Heard about the secret tunnels that crisscross beneath the UC Irvine campus? Or the “real” reason Aldrich Park is hilly?
Like countless other universities around the world, UCI has its own distinctive legends and lore that have emerged to shed light on campus mysteries.
“People tell legends because they are a way of explaining things that are either a little frightening or out of their control,” said Carol Burke, UCI folklore expert and religious studies director.
Campus legends – whether frightening or just plain funny – ought to be more than a footnote to academic life.
Following is a crash course from historians and experts at UCI Libraries on five popular and persistent tales.
The legend: A subterranean tunnel system was built beneath Ring Mall as an escape route for faculty and an entry point for the National Guard in case of student protests.

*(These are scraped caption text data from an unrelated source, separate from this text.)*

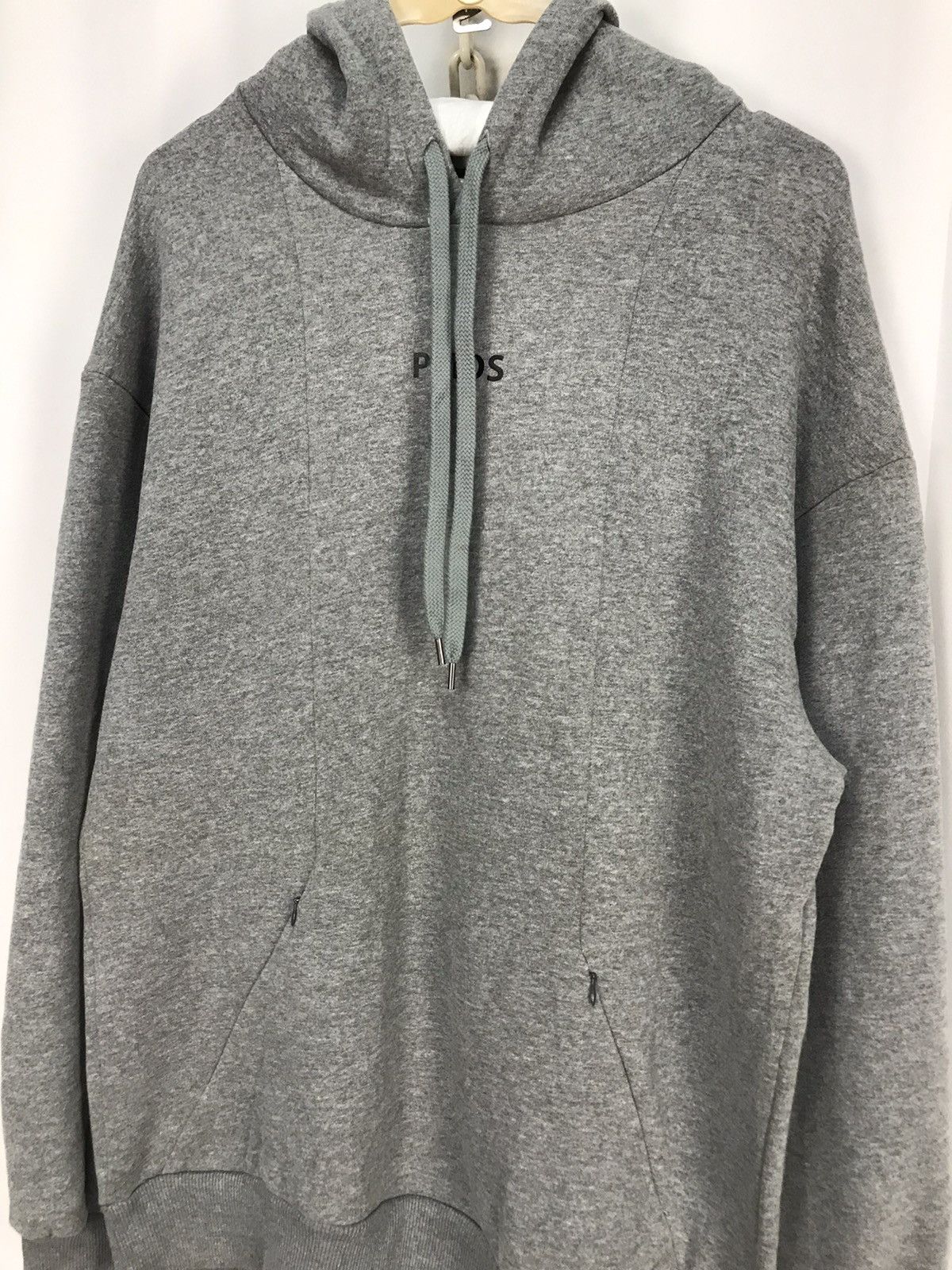 Other Pmds spellout hoodiepullover by premium mood denim superior Size US M / EU 48-50 / 2 - 3 Thumbnail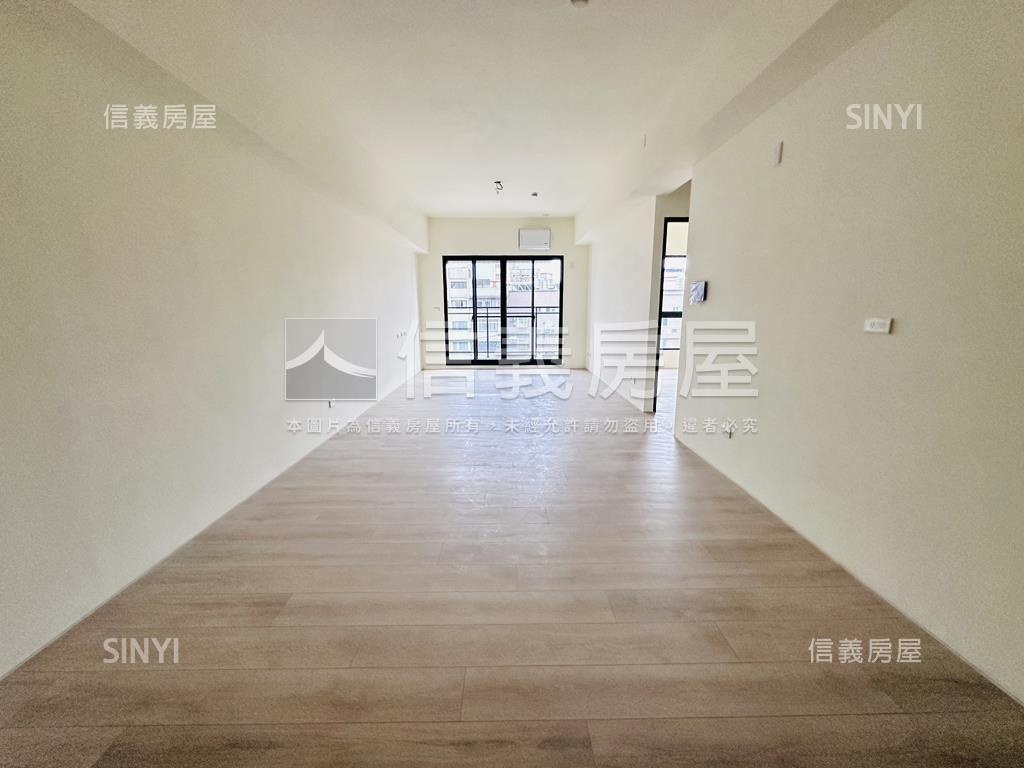 專委聚吉第大３房平車房屋室內格局與周邊環境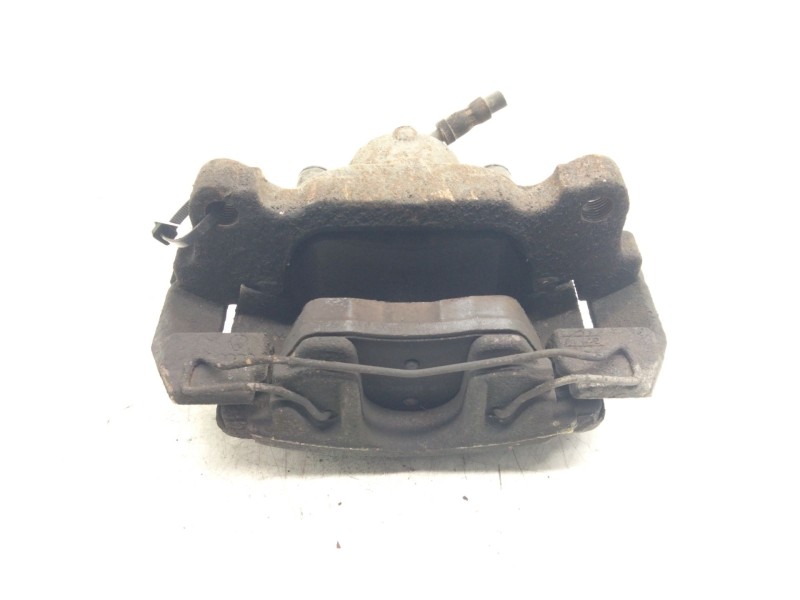Recambio de pinza freno delantera derecha para skoda octavia berlina (1z3) 2.0 tdi dpf referencia OEM IAM   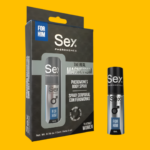 Feromonas Sey para Hombre – Esencia de Atracción en Spray - Imagen 3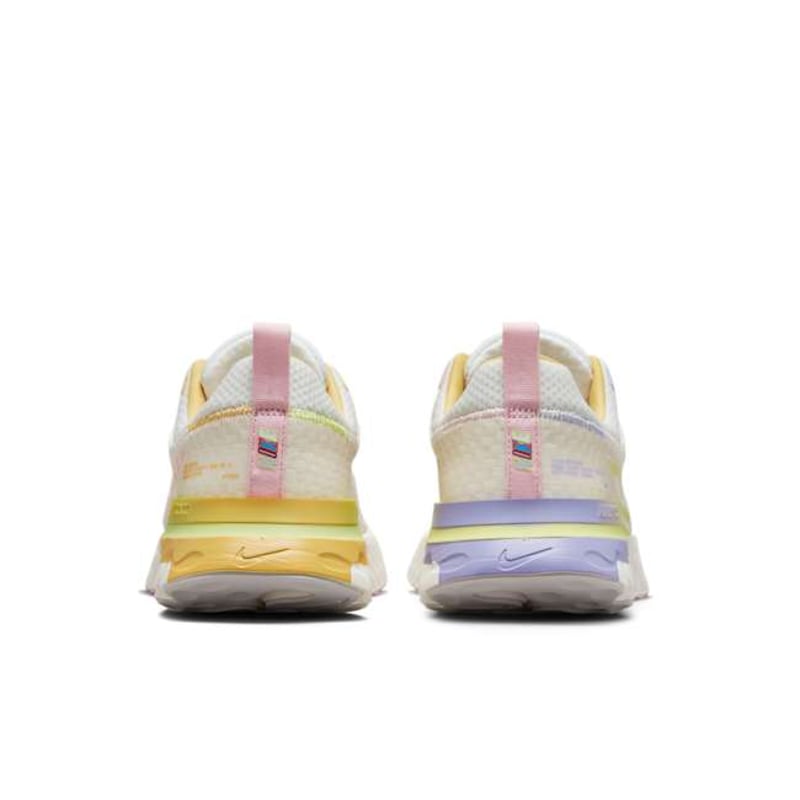 Nike React Infinity Run Flyknit 3 FD4619-111 06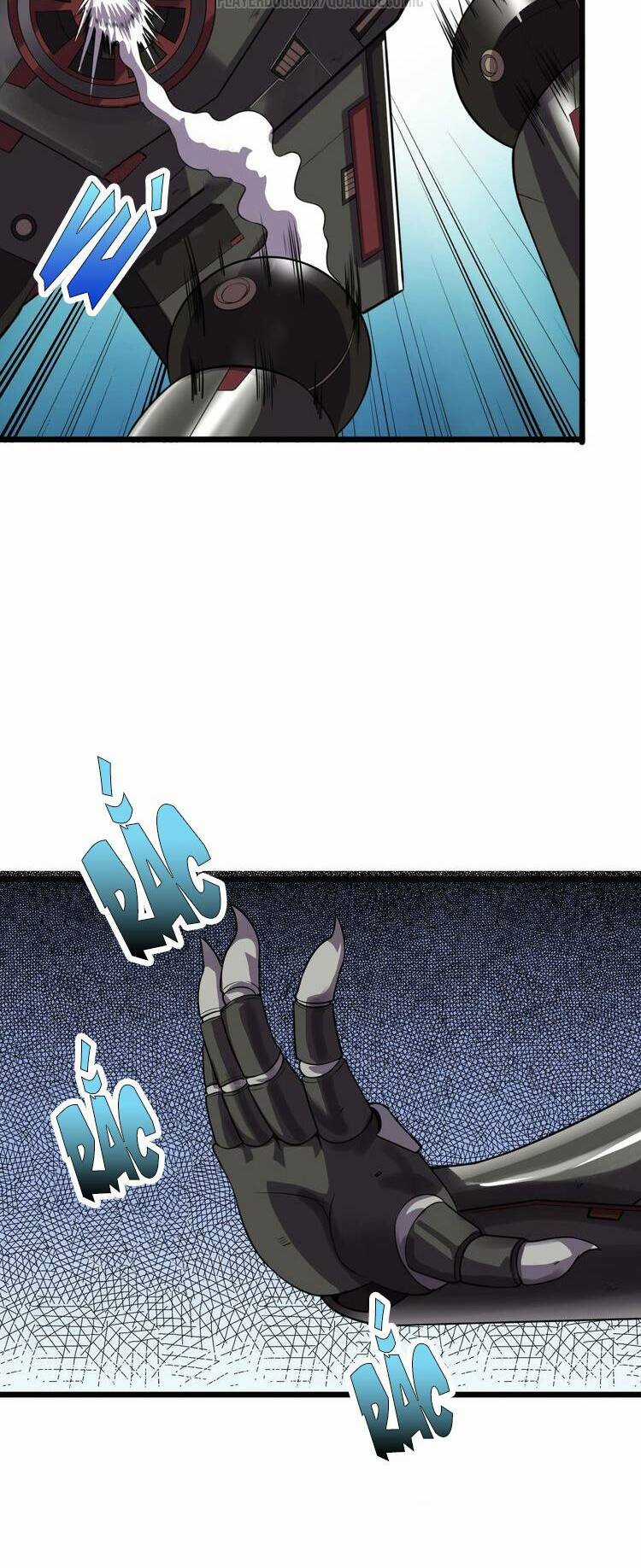 Chào Mừng Đến Thế Giới Cực Lạc Chapter 57 trang 43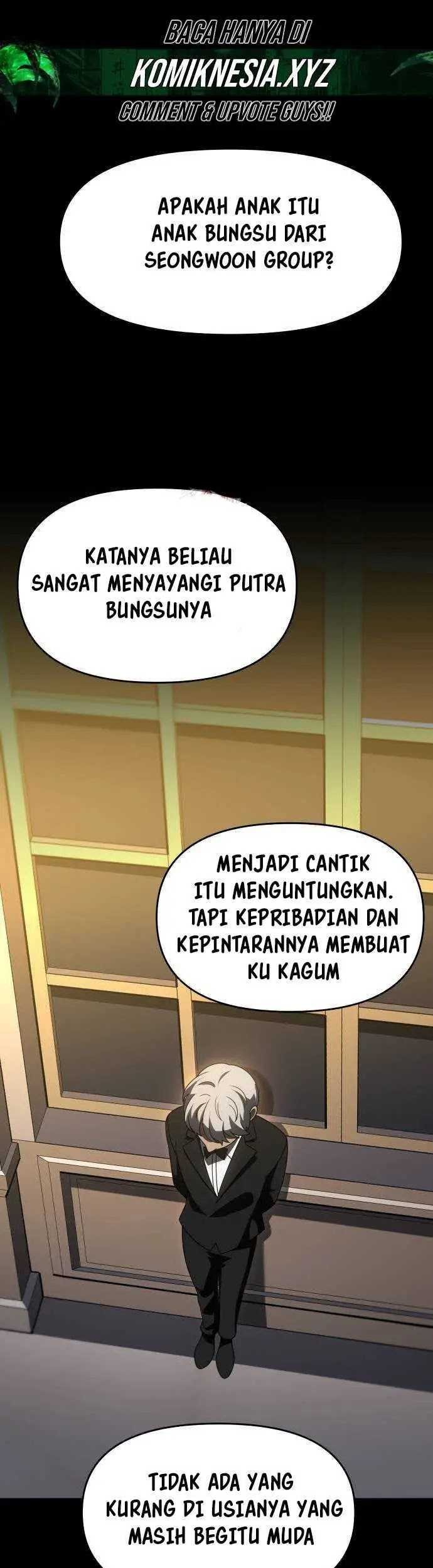I Used To Be The Boss Chapter 78 - halaman 2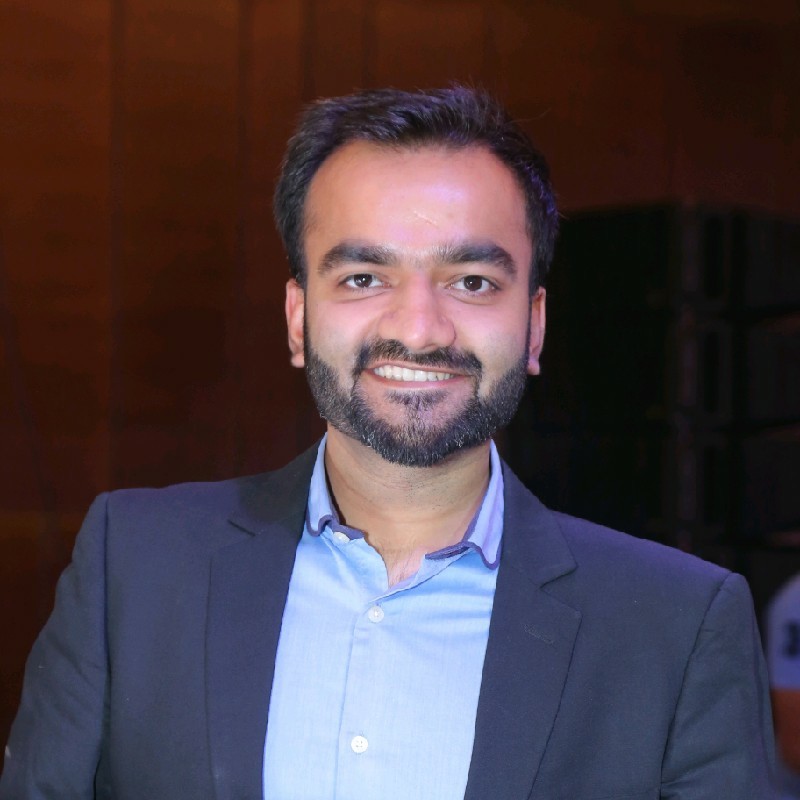 Mohit Anand - Business Development Executive | Stackforce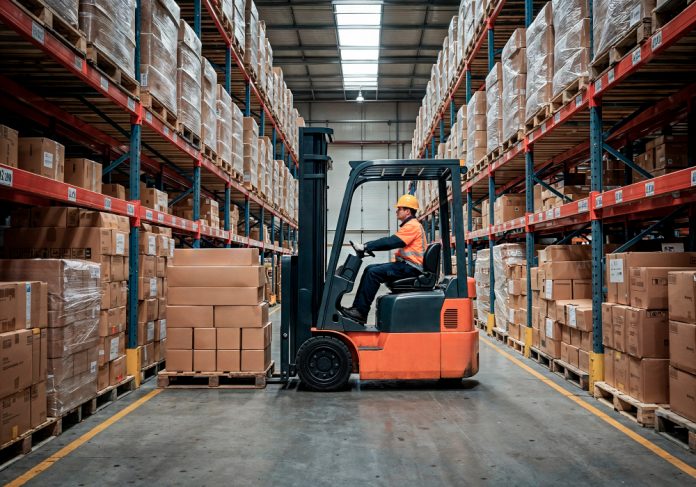 Warehouse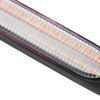 Pair of LED Daytime Running Lamp Strip Turn Signal White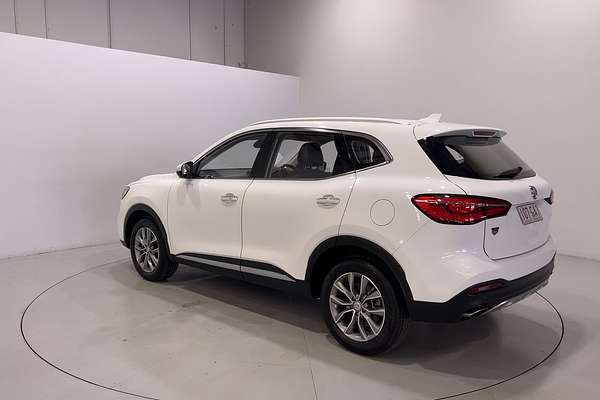 2022 MG HS Vibe SAS23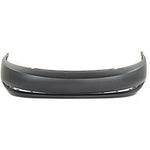 2003-2004 Saturn ION Fornt Bumper; Sedan- Lower; GM1000689; 22707538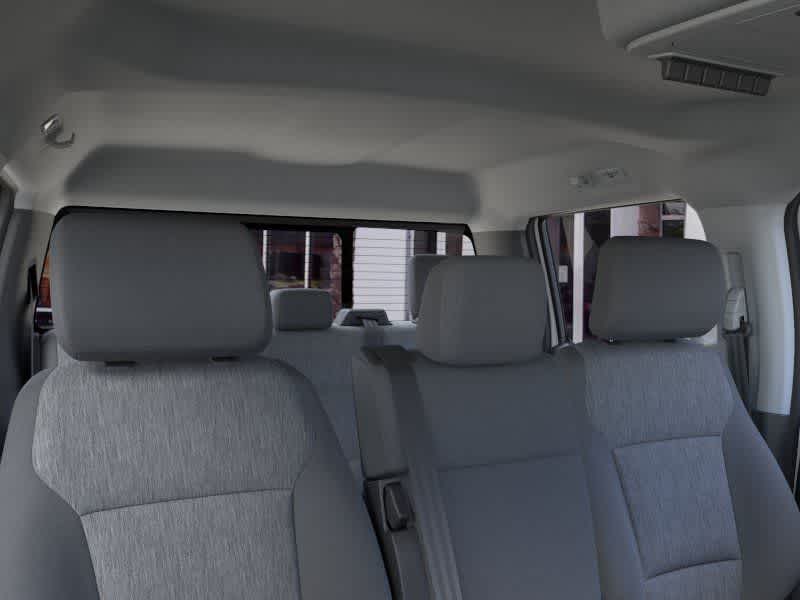 Ford Super Duty F-350 DRW Pickup XL de 2026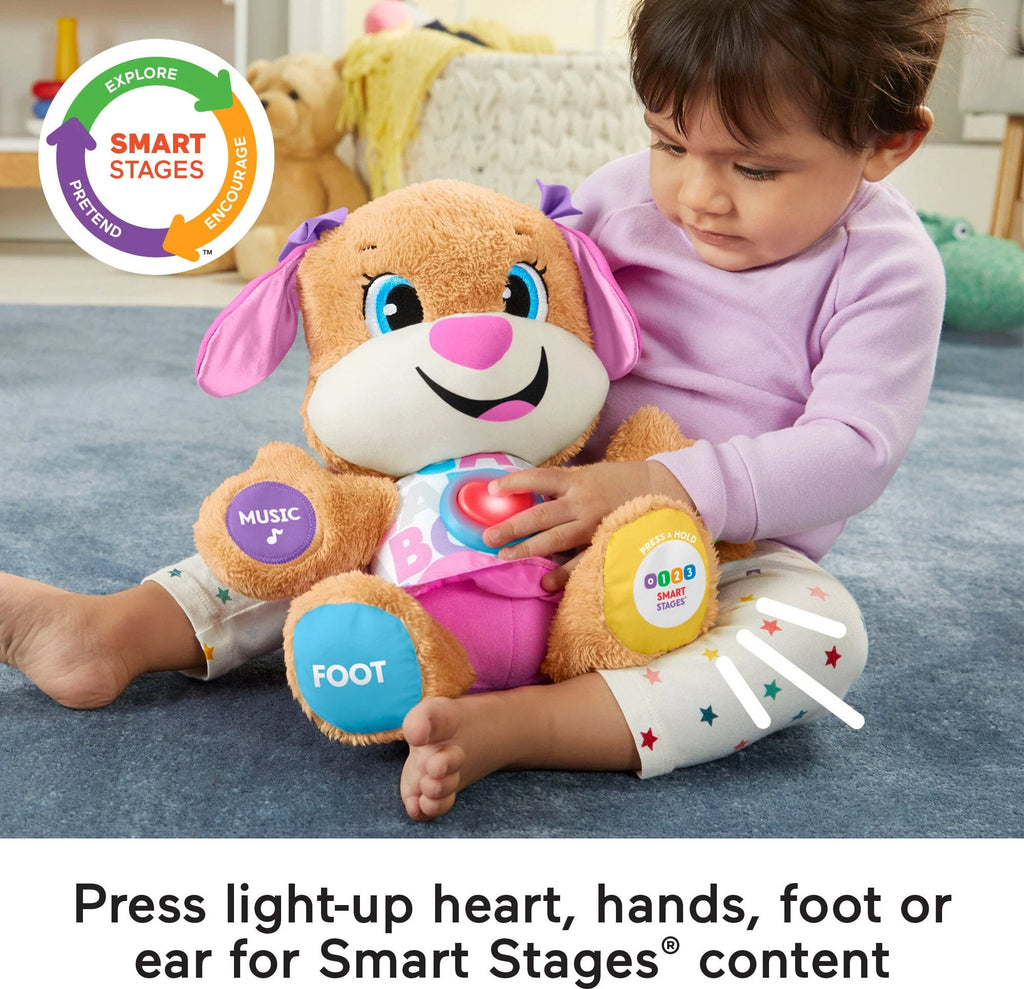 Plush Learning Toy Z5026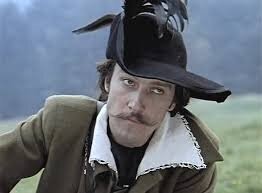 - "Вот вы говорите, охота?"
- "Я говорю?"
- "Ну, так думаете.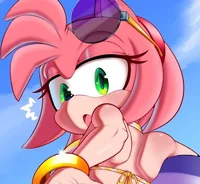 Amy -Yandere Mother-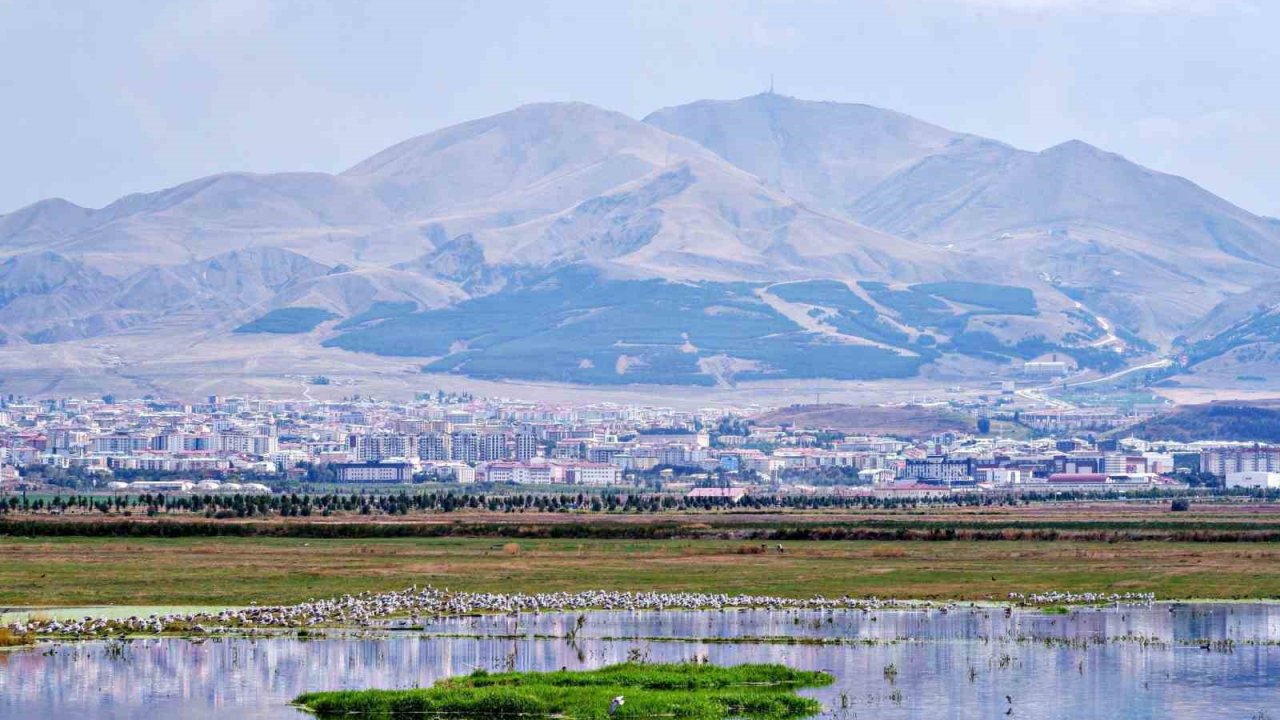 Erzurum’un "Beşeri Sermaye Endeksi" puanı 0.675 oldu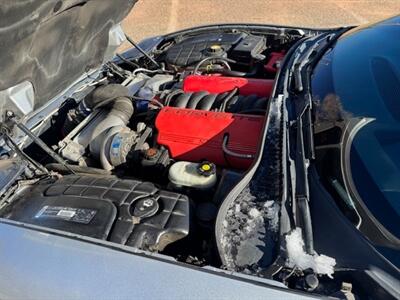 2002 Chevrolet Corvette Z06  supercharged - Photo 22 - Prescott, AZ 86301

The truth: Tunnels really do exist underneath the campus, but their purpose is far more practical. They house an intricate system of heating and cooling pipes as well as electric, phone and data wires. The underground tunnel concept is not unique to UCI. Other universities such as UCLA, Stanford and Johns Hopkins also have them – each with their own accompanying legends.
The legend: William Pereira, the architect who designed UCI’s original buildings, intentionally planned them so unruly agitators wouldn’t be able to scale the buildings easily. The buildings’ distinct windows were recessed in such a way that bystanders below would be protected from falling glass in case the windows were broken during a riot.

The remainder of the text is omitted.